Hands on With The Archives Unleashed Toolkit

Welcome to the Archives Unleashed Toolkit hands-on walkthrough!

Spark Terminal The reality of any hands-on workshop is that things will break. We’ve tried our best to provide a robust environment that can let you walk through the basics of the Archives Unleashed Toolkit alongside us.

If you have any questions, let Nick Ruest or Ian Milligan know.

Table of Contents

Installation and Use

Got Docker?

This lesson requires that you install Docker. We have instructions on how to install Docker here.

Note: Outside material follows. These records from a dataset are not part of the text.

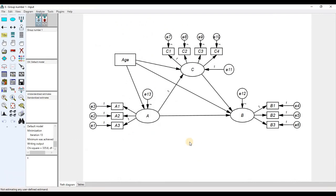To understand endogenous and exogenous variables simply, look at the arrows. If a variable has no incoming arrows, it is an exogenous variable; if it has any incoming arrows, it is an endogenous variable. Specifically: an observed variable with no incoming arrow is an observed exogenous variable; an unobserved variable with no incoming arrow is an unobserved exogenous variable; an observed variable with incoming arrows is an observed endogenous variable; and an unobserved variable with incoming arrows is an unobserved endogenous variable.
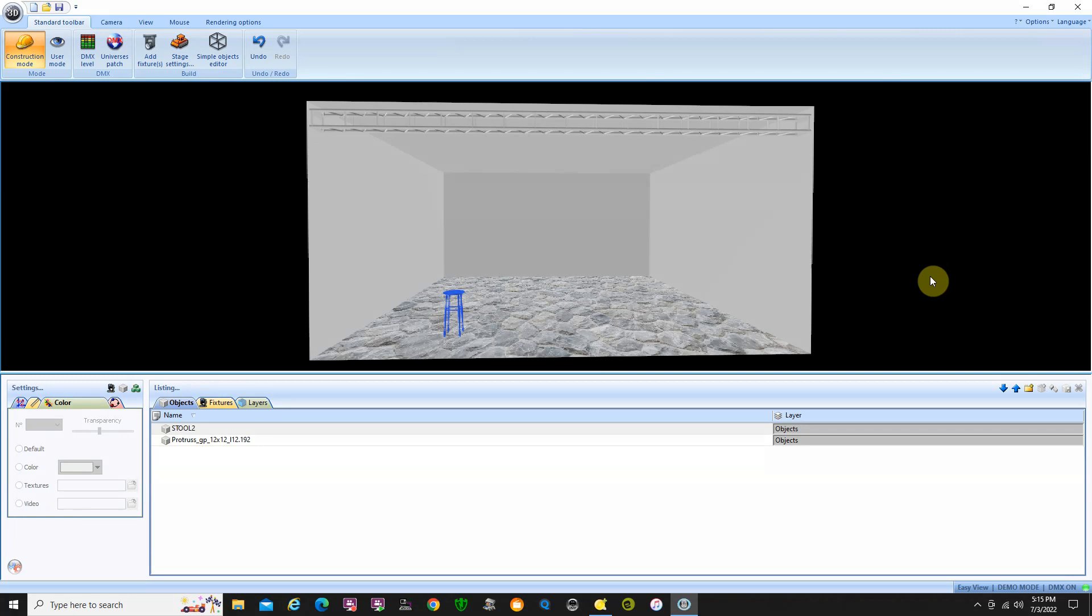This is part three of the tutorial about Magic 3D Easy View and QLC Plus. So I've got my stage set up. I placed the truss up there to place some lights on it, and I put a little stool on the stage. So we've done some object placement. The next thing we need to do is we're going to actually place some fixtures on the stage and patch them.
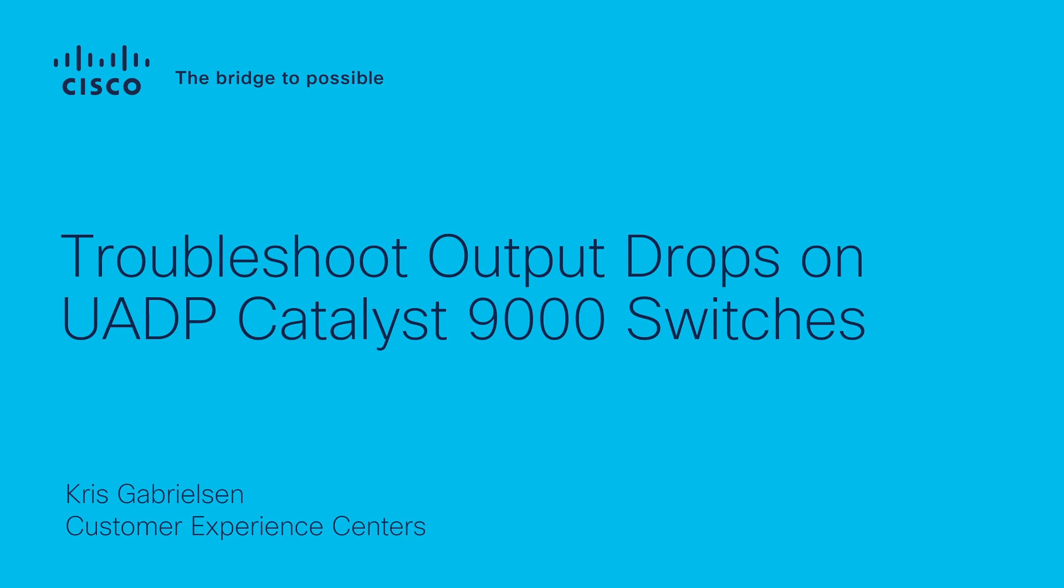Hello, this is Chris, technical leader in the Customer Experience Centers. In this video, I discuss how to troubleshoot output drops on all Catalyst 9000 series switches, which are based on the UADP 2.0 or 3.0 ASIC architecture.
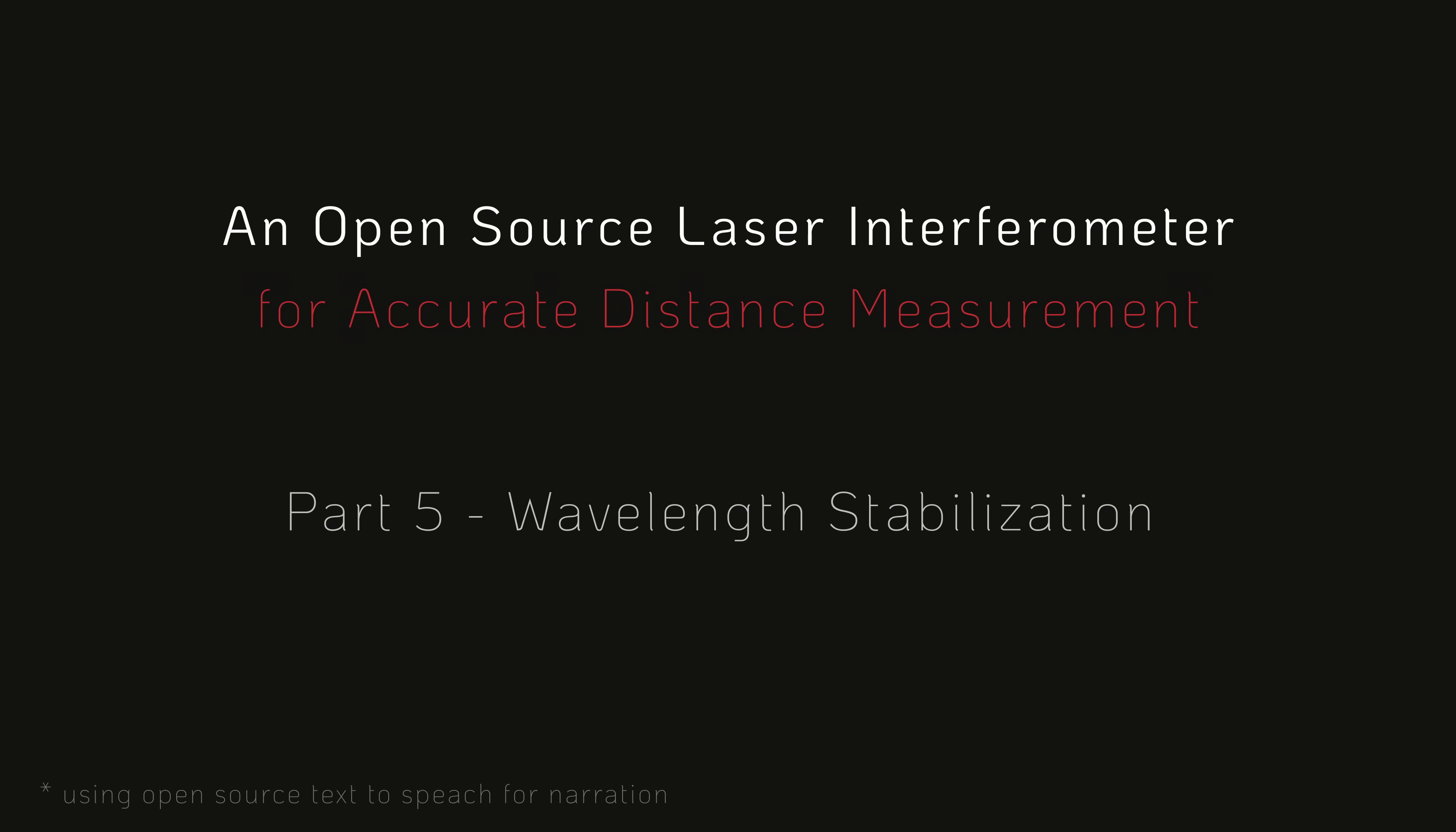Welcome to the fifth part of the series where I will be discussing wavelength stabilization of laser diodes and why it is important for this project.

Later in this lesson, we use the networking tool Gephi.

Make sure that Docker is running! If it isn’t you might see an error like docker: Cannot connect to the Docker daemon at unix:///var/run/docker.sock. Is the docker daemon running? – make sure to run it (on Mac, for example, you need to run the Docker application itself).

Make a directory in your userspace, somewhere where you can find it: on your desktop, perhaps. Call it data. In my case, I will create it on my desktop and it will have a path like /Users/ianmilligan1/desktop/data.

Use the following command, replacing /path/to/your/data with the directory. If you want to use your own ARC or WARC files, please put them in this directory.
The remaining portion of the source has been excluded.